Sometimes they use batteries, and sometimes they can be recharged by USB or something similar. Either way, we love noise-canceling headphones – when they work well, that is – and think that if you’re looking for a new pair, these ones are worth considering. That being said, they do make things a little and sometimes a lot more expensive, so make sure you actually need them before you shell out.
You might also see the term Noise-Isolation Headphones. This is just noise-cancelation the relies on a passive seal round the ear, rather than any active electronics. It’s increasingly rare these days, so you shouldn’t have to worry about it too much.
Active noise cancellation is getting increasingly sophisticated these days. Take the Parrot Zik3s (full review here) which not only offer great cancellation, but also allow you to turn on a feature where you can amplify the sound of the world around you, essentially giving you super hearing. Kind of. Sort of. Well, we think it’s pretty neat.
Excellent question – and one that is asked frequently. How can you, as someone who doesn’t have access to a particular pair of headphones at a particular moment, tell if they are actually worth your time?
The best, simplest way to do it is to read the reviews. They’ll give you a good picture of what a particular pair does. Here are ours.
But let’s say you want to go further, by actually analysing the specifications headphone manufacturer gives. We’ve explained what the individual specs mean, so what we going to do now is bring them together with a practical example. For this one, we’re going to use a pair of headphones that we haven’t actually heard yet, for one reason or another – yes, we know, but there are a lot of headphones out there and we are still getting to a few of them. The AKG K712s are renowned by audiophiles, and still, we have yet to hear them. So what can we glean from their specs?
- Driver Size: Not given
- Type: Open-back, over-ear
- Impedance: 62 Ohms
- Sensitivity: 105 dB SPL/V
- Frequency Response: 10Hz – 39,800Hz
- THD: 0.1-1% / 100Hz (Not on AKG’s page, but measured by the good folks at Innerfidelity)
It’s not a lot of information, but it’s enough to give us a reasonable picture of what these headphones can do. Although AKG haven’t given a driver size for these (and we haven’t found a reliable source online that states it) it’s far more important for us to know that these are open-back, over-ear headphones, which means they are likely to deliver detailed, accurate sound with good isolation (although probably a lot of bleed). In addition, they have a high enough impedance that, assuming they are driven from a decent amplifier, will mean that the sound has even more detail, and will be relatively clear.
The frequency response has a laughably high range, up to just under 40kHz, which, as we mentioned, is impossible for humans to hear. But the ability of the headphones to reproduce sounds this high means that it is likely that their quality is good, and it’s promising to see that they go as low as 10Hz.

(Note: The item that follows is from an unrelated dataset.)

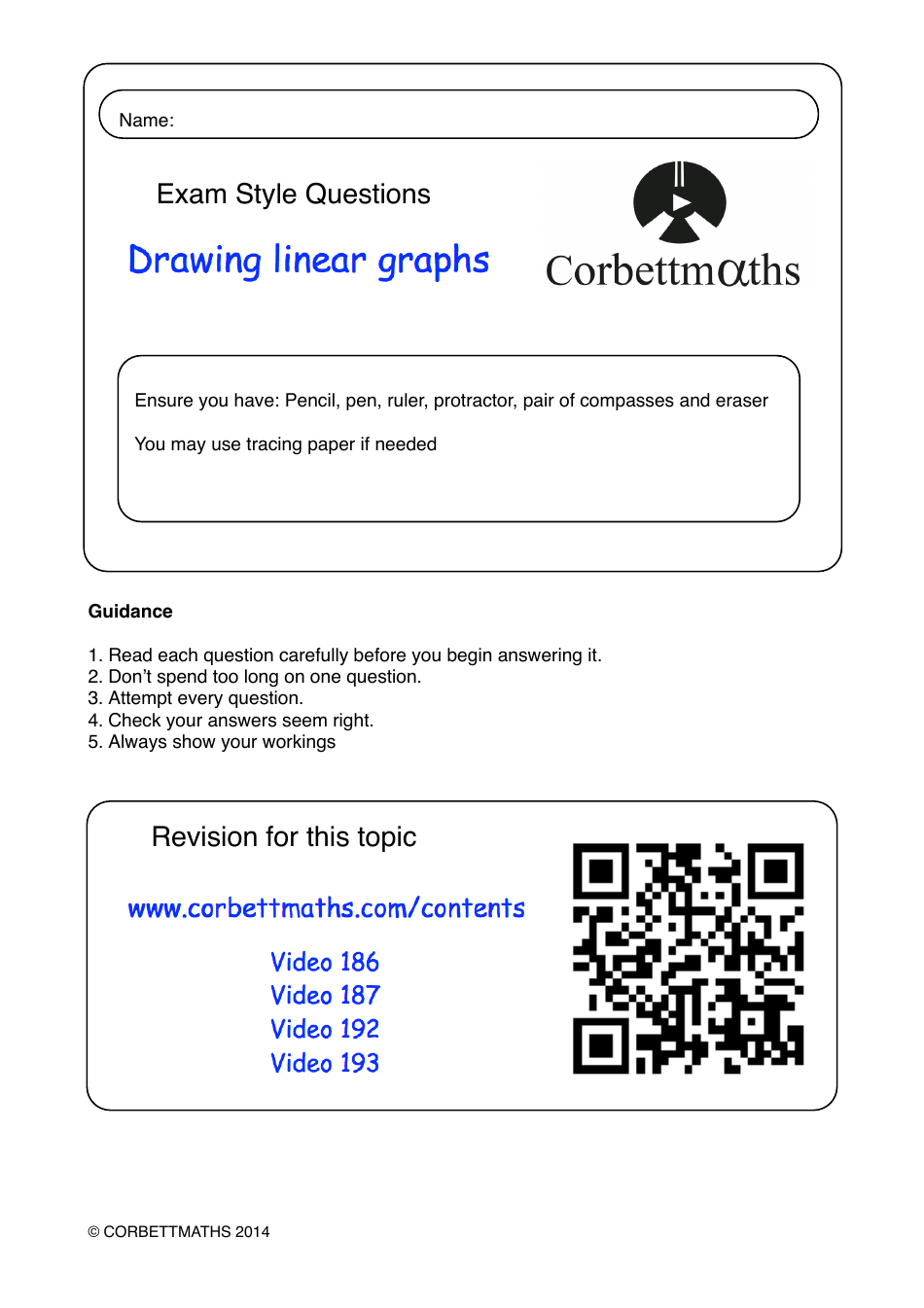Drawing Linear Graphs - Corbettmaths Math Exam Questions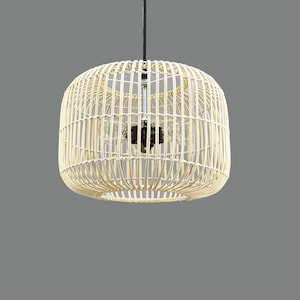 Handwoven Rattan Pendant Light,Boho Chic Ceiling Lamp,Rattan Ceiling Light,Kitchen Island Pendant Light, Three Light Bulb Sockets In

We don’t, as a rule, perform scientific measurements here at TMS, but there are plenty of websites that do, like Innerfidelity. The link above has a whole range of data, and one graph that they helpfully supply is the THD. This varies at different frequencies but doesn’t go higher than about 5%, and only at very, very low frequencies. While that means that it’s bass may not be quite as accurate or precise as we would like, or it may be coloured a little, it’s not enough for us to worry about – especially when you look at the measurements at above 80Hz, which drop below 1% THD.
So from the stats – and bearing in mind that we haven’t heard these headphones ourselves – we can be confident that these are likely to be pretty good. They show all the signs of being able to provide accurate, detailed, rich sound which would benefit greatly from a good amplifier and DAC (Digital-to-Analogue Converter).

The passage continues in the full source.